=== Recorded data ===
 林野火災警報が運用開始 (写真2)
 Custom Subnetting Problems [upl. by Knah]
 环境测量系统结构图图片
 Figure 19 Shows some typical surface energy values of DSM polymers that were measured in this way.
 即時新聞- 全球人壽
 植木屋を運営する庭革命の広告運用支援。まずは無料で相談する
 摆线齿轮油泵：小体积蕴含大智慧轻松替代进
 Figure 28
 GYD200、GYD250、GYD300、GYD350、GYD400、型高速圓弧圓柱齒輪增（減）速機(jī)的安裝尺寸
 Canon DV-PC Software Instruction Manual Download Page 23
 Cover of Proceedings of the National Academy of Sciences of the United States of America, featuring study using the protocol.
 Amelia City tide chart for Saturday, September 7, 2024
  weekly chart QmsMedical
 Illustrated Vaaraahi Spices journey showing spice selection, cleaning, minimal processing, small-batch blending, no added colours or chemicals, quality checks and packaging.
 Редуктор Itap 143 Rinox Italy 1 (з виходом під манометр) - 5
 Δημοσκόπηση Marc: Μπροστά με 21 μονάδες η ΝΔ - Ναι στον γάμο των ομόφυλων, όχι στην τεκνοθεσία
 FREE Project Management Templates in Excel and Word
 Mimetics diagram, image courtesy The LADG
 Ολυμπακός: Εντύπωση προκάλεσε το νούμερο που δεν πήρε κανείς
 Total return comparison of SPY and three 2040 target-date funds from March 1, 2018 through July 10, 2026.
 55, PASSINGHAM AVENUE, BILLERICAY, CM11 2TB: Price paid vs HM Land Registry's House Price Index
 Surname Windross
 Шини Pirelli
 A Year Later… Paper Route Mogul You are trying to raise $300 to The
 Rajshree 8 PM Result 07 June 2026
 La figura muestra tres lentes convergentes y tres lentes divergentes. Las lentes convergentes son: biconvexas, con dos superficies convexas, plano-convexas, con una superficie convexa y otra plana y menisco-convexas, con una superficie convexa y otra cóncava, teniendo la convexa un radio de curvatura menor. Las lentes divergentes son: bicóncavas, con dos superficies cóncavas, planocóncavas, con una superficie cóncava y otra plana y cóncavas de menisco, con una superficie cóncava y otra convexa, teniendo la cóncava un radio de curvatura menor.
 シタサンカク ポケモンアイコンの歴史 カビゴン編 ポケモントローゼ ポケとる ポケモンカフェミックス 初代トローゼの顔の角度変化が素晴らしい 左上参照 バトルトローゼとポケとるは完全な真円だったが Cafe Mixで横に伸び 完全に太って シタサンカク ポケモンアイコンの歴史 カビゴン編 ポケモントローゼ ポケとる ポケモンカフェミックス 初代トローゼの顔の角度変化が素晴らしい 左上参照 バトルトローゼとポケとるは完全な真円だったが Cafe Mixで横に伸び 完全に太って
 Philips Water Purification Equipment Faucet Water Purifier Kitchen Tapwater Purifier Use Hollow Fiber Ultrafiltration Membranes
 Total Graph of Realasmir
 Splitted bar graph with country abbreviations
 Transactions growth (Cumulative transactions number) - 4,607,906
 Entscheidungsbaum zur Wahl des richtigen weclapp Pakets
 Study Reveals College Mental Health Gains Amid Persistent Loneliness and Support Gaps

=== What you have to do ===
Out of the records above, pick each line that contains the string "Figure".

=== Exercise output ===
 Figure 19 Shows some typical surface energy values of DSM polymers that were measured in this way.
 Figure 28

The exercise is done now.